=== Dataset entries ===

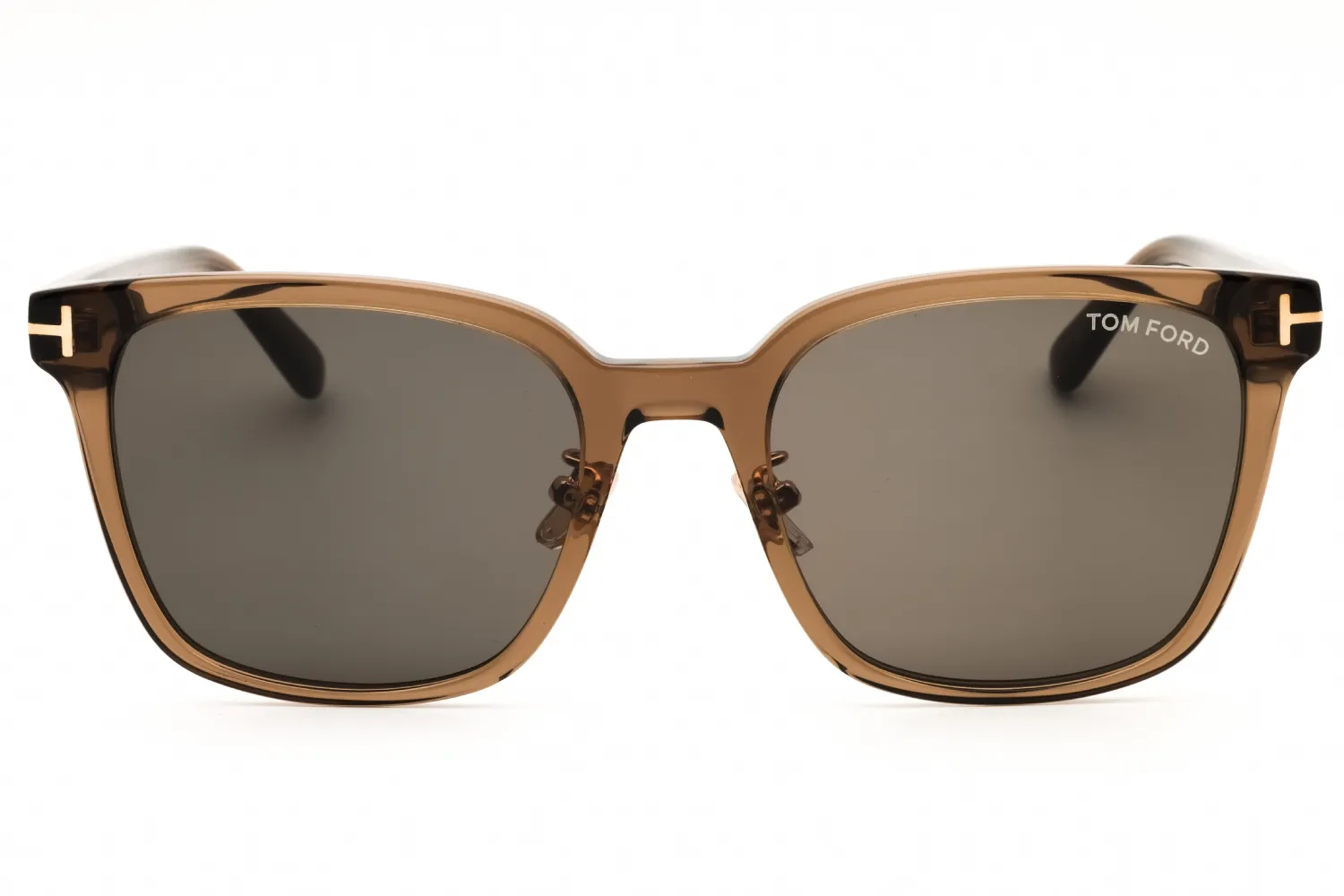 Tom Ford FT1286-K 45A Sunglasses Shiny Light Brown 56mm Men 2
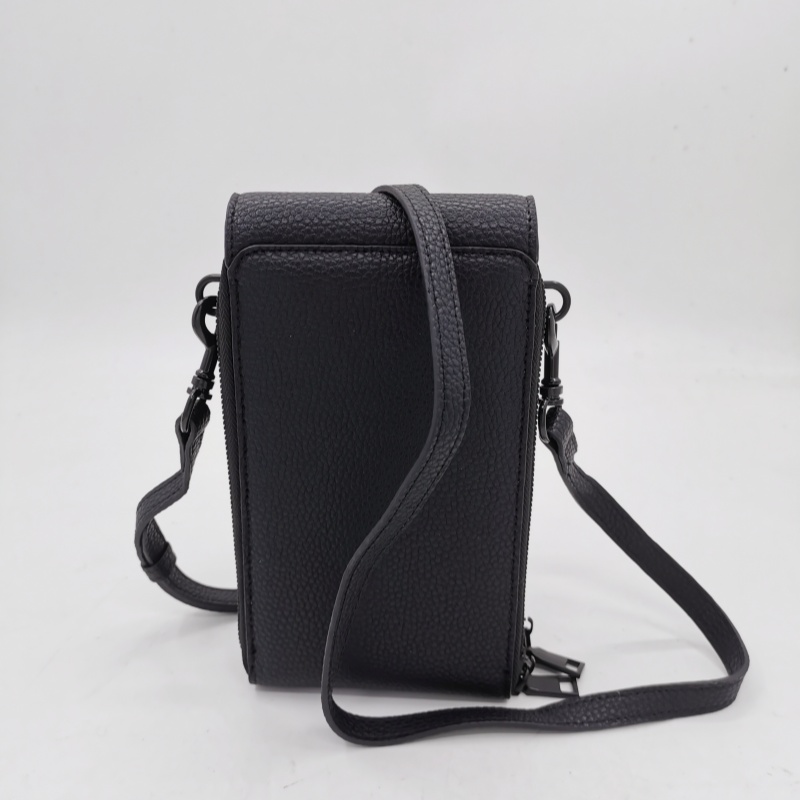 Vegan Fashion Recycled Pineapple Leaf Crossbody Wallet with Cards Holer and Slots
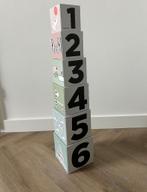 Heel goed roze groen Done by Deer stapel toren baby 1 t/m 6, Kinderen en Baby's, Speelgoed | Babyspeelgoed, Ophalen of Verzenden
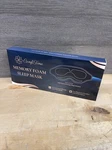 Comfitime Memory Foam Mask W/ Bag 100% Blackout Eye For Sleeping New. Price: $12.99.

===
=== Dataset entries ===

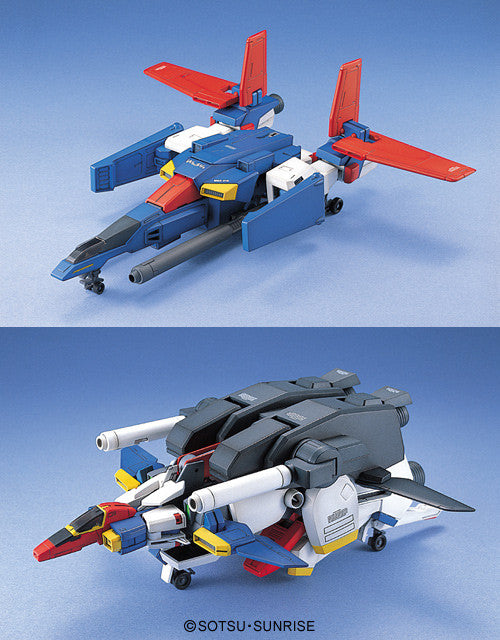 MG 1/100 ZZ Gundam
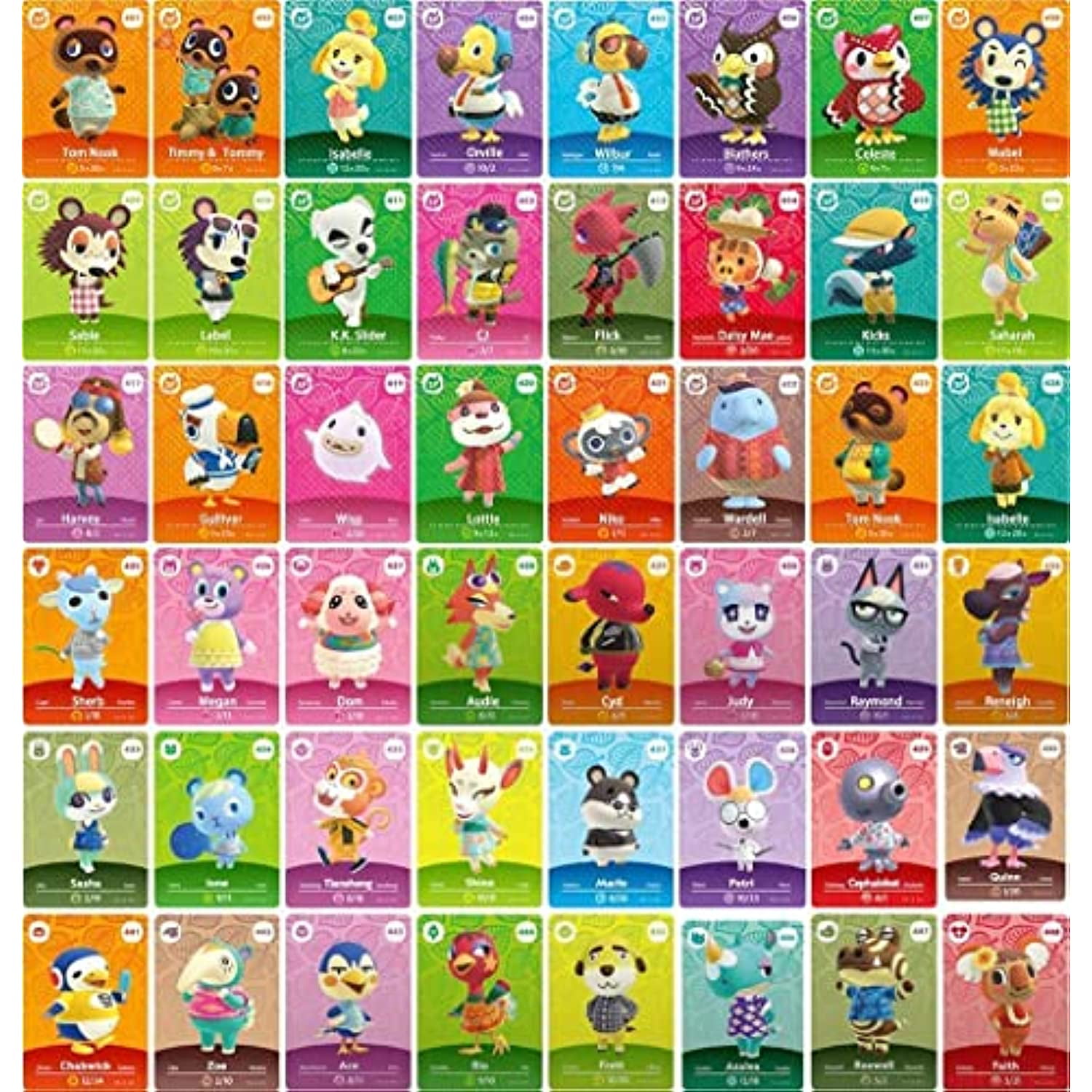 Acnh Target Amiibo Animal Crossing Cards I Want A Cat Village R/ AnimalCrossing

===

The task: Set the pictures aside and reproduce exactly the lines above, from the line holding "Tom Ford FT1286-K" through the line holding "Comfitime Memory Foam", both included, with nothing else.

Solution to the problem:
 Tom Ford FT1286-K 45A Sunglasses Shiny Light Brown 56mm Men 2
 Vegan Fashion Recycled Pineapple Leaf Crossbody Wallet with Cards Holer and Slots
 Heel goed roze groen Done by Deer stapel toren baby 1 t/m 6, Kinderen en Baby's, Speelgoed | Babyspeelgoed, Ophalen of Verzenden
 Comfitime Memory Foam Mask W/ Bag 100% Blackout Eye For Sleeping New. Price: $12.99.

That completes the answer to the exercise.